The prosecution in George Zimmerman's murder trial called star witness Rachel Jeantel "not a very sophisticated person," but one who was telling the truth about Zimmerman following Trayvon Martin before he was shot and killed.
Jeantel was on the phone with the 17-year-old in the moments before he died, and testified that Martin told her he was being followed. She spent six hours on the witness stand, which prosecutor Bernie de la Rionda alleged was a tactic meant to try and discredit her.
Assistant state attorney Bernie de la Rionda holds up evidence to the jury while presenting the state's closing arguments against George Zimmerman during his murder trial in Sanford, Fla., July 10, 2013. (Getty Images)
"Now, this young lady -- and I will submit to you is not a very sophisticated person, she's not the most educated, but she's a human being and she spoke the best she could," prosecutor Bernie de la Rionda told the jury. "She happens to be, what, Haitian, or of Haitian descent. Made a big deal about 'oh, you can't read cursive.' Yeah, she can't, unfortunately. She's what, 18, 19? But did what she tell you, as best she could, and maybe her English wasn't the best, her speech, her language was a little colorful...but did she speak the truth? Because when you think of it, she was the person that was speaking to the victim."

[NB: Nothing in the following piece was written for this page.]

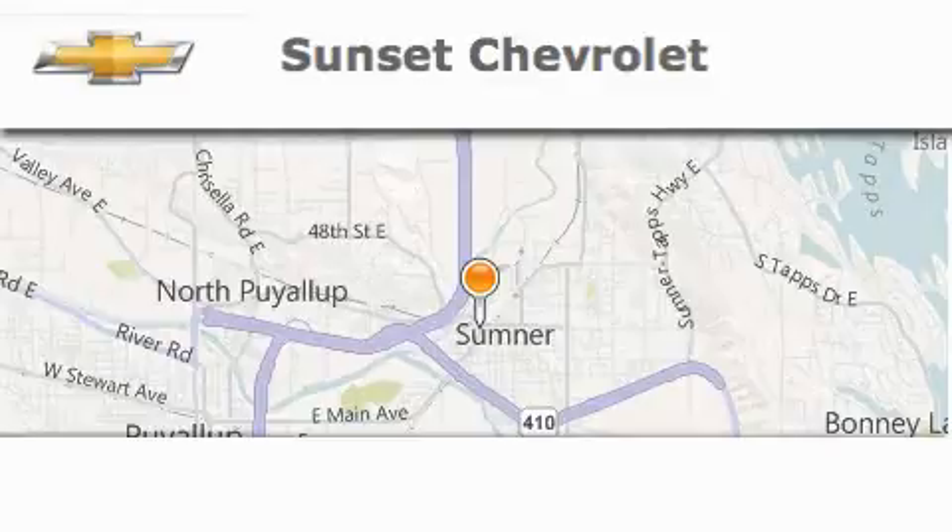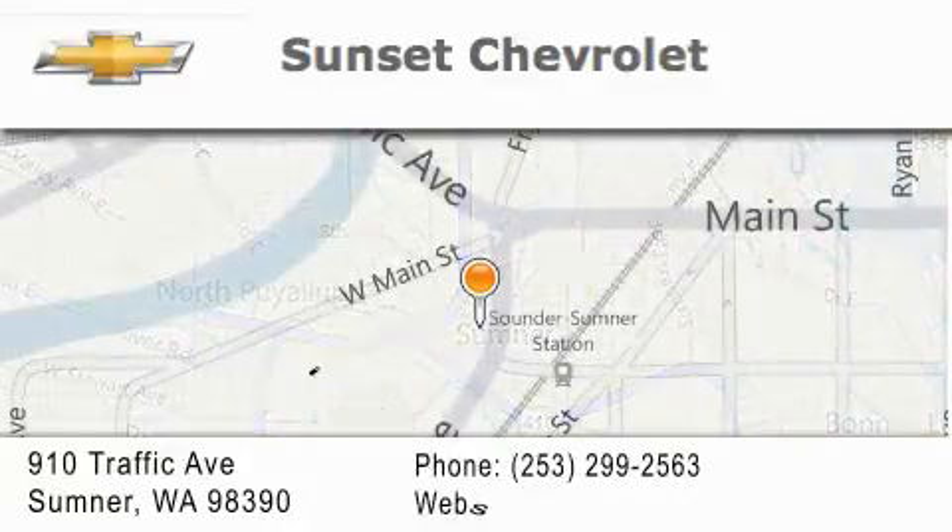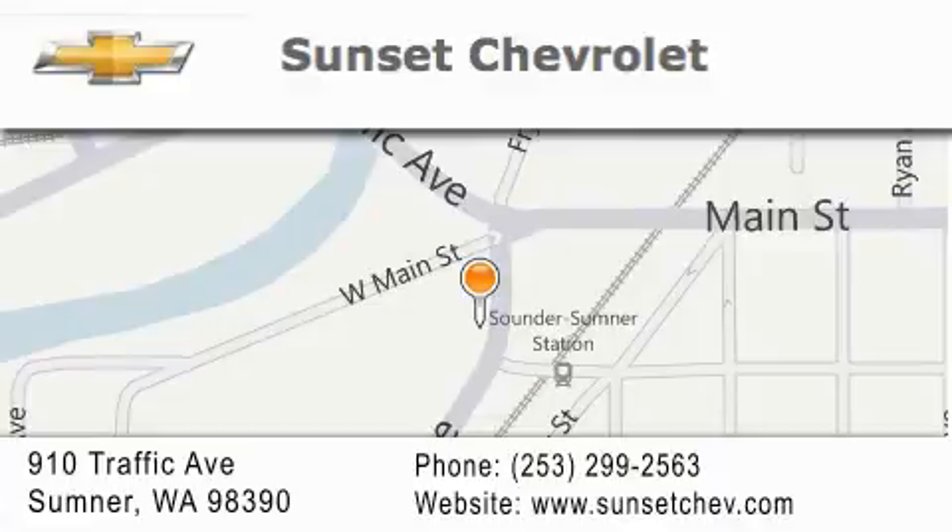Sunset Chevrolet is located at 910 Traffic Avenue in Sumner. Our goal is to exceed all of your expectations to ensure that you'll return for future visits.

Jeantel described how Martin said a "creepy-ass cracker" was following him, a phrase that drew particular scrutiny from the defense, who suggested it was Martin, not Zimmerman, who injected race into the confrontation.
Witness Rachel Jeantel continues her testimony during George Zimmerman's trial in Seminole circuit court in Sanford, Fla. Thursday, June 27, 2013. (AP)
"She could have embellished, she could have lied about what the victim said...her use of colorful language doesn't mean that her testimony is less credible, just because she's not a highly educated individual," de la Rionda said.
"She spent hours on that witness stand, why?" he continued. "An attempt to discredit her in some way? You decide whether she's telling the truth."
De La Rionda told the jury Zimmerman "profiled" Martin as a criminal and made false assumptions about him.
"A teenager is dead. He is dead through no fault of his own," de la Rionda said. "He is dead because another man made assumptions. That man assumed certain things. ...Unfortunately because his assumptions were wrong, Trayvon Benjamin Martin no longer walks on this Earth."
Zimmerman's defense attorneys will make their closing argument Friday morning, after which the case will go to the jury. In addition to the second-degree murder charge that Zimmerman faces, jurors will be permitted to consider the lesser charge of manslaughter as well.